Willkommen bei KPÖ Wien Tuesday, 28. December 2021 @ 18:43

Publikumsbeschimpfung

  • Friday, 28. May 2021 @ 11:34
Mitte April hat mich der Didi angerufen und gesagt, er möchte, daß ich ihm für die Wiener KPÖ monatlich eine Kolumne verfasse. Ganz ohne Vorgaben, hat er gesagt! "Left Comments" soll die Rubrik heissen. Naja, zeitgeistig angelsächsisch benannt und weil das ja so ein originelles Wortspiel sei. Puh, also "übriggebliebene Kommentare"? Hm... warum nicht? Paßt ja irgendwo auch bei mir, das wären halt so Texte, die nicht in die akin, mein Leib-und-Magen-Blatt, passen, weil sie halt ein bisserl "Dings" sind, oder wie man das heute nennt.

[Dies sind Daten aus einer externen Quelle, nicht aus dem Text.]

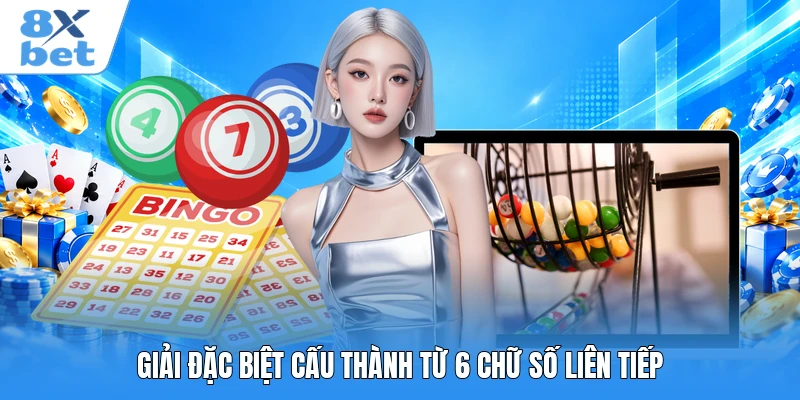 Giải đặc biệt cấu thành từ 6 chữ số liên tiếp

Gut, im Ernst: "What's Left?" hieß schon vor gut 30 Jahren, kurz nach dem Mauerfall, ein diesbezüglicher Kongreß in Frankfurt. Sprich: Was ist übergeblieben von linkem Gedankengut resp. was heißt das eigentlich: "Links"? Ja, weiß schon, in Frankfurt hatte das auch noch eine zusätzliche Konnotation, weil da anno dazumal dieses politische Koordinatensystem etabliert wurde nach der Sitzordnung in der Paulskirche -- links nach heutigen Vorstellungen waren die Linken dort nicht, sie sind nur auf der linken Seite gesessen. Zur Zeit der Paulskirchenversammlung erschien zwar in Paris auch das "Manifest der Kommunistischen Partei", aber für die Typen in der Paulskirche war ja schon die Aufhebung der Leibeigenschaft eine revolutionäre Forderung und der Gipfelpunkt der Rebellion, einen Habsburger zum "Reichsverweser" zu wählen! Arbeiter als Abgeordnete in ihren Reihen waren unvorstellbar, Frauenwahlrecht geradezu obszön, und "Kommunismus" war für diese Volksvertreter genauso ein abscheuliches Gespenst wie für die Feudalherren. Naja, wenn ich es mir recht überlege, sind wir mit der heutigen Linken da auch nicht sehr viel näher dran. Also zumindest, wie das die meisten Millennials verstehen. "Kommunismus" setzen die mit Stalin gleich und auch bei "Sozialismus" denken sie eher an den "real existierenden". Ja, auch dann nur, wenn sie diese seltsame Wortschöpfung aus DDR-Zeiten irgendwann einmal im Geschichtsunterricht gehört haben, der in Österreich ja eh schon immer unter jeder Sau war.

Deswegen kann ja jetzt der aktuelle Nachfolger des "Heldenkanzlers" sich jetzt ähnlich wie dieser damals aufführen, ohne daß eine breitere Öffentlichkeit da Parallelen ziehen würde. Okay, das ist aber ein anderes Thema, darüber verbreite ich mich ein anderes Mal.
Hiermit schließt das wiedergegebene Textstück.